Jewish Federations of North America
- Abbreviation: JFNA
- Formation: January 31, 1935; 91 years ago
- Tax ID no.: 13-1624240
- Legal status: 501(c)(3) nonprofit organization
- Headquarters: New York City
- Region served: North America
- President and CEO: Eric D. Fingerhut
- Subsidiaries: United Israel Appeal Inc.; JFBP LLC;
- Revenue: $279 million (2023)
- Expenses: $283 million (2023)
- Website: jewishfederations.org
- Formerly called: United Jewish Appeal; United Jewish Communities;

= Jewish Federations of North America =

Non-profit organization located in Canada and the United States

The Jewish Federations of North America (JFNA), formerly the United Jewish Communities (UJC), is an American Jewish umbrella organization for the Jewish Federations system, representing 141 local Federations and over 350 independent Jewish communities across North America that raise and distribute over $2 billion annually, including through planned giving and endowment programs, to support social welfare, social services and educational needs. Jewish Federations also provides fundraising, organization assistance, training, and overall leadership to the Jewish Federations and communities throughout the United States and Canada. Some of the communal organizations that Jewish Federation gives funding to include Jewish Community Centers, Jewish day schools and summer camps, Jewish Family Services, Hillels and Moishe Houses and Israel-related organizations such as Birthright. Jewish Federations government and advocacy team works towards protecting minority rights and combatting forms of hate, including antisemitism. The Federation movement protects and enhances the well-being of Jews worldwide through the values of tikkun olam, tzedakah and Torah.
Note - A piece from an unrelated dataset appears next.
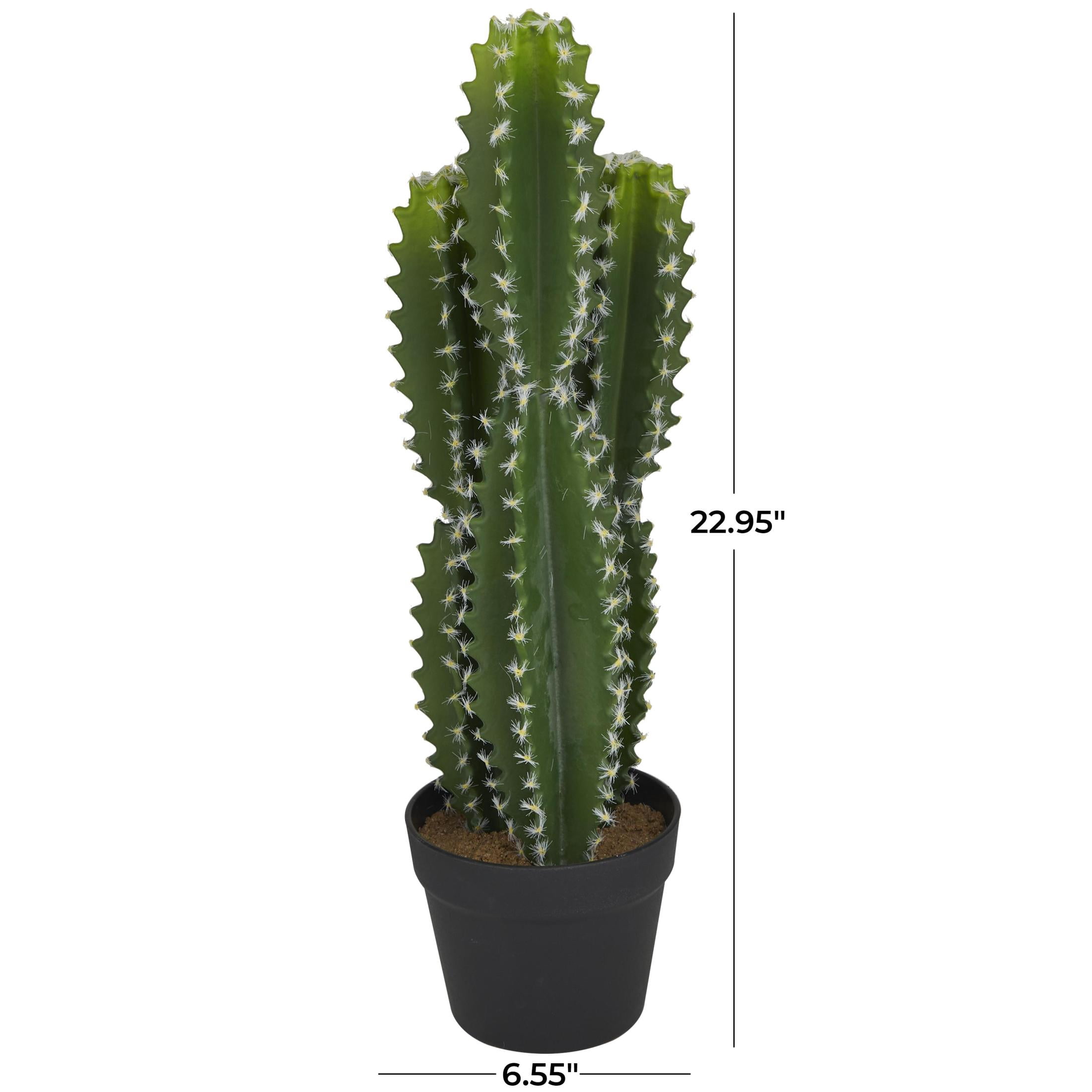 DecMode 23" Artificial Cactus Plant in Realistic Leaves and Black Round Pot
JFNA was formed from the merger of the United Jewish Appeal (UJA), Council of Jewish Federations, and the United Israel Appeal. Jewish Federations has three core international partners: The Jewish Agency for Israel, The American Jewish Joint Distribution Committee, and World ORT, for which the Federations system provides the largest amount of unrestricted funding each year. The organization hosts an annual General Assembly event for the broad North American Jewish community.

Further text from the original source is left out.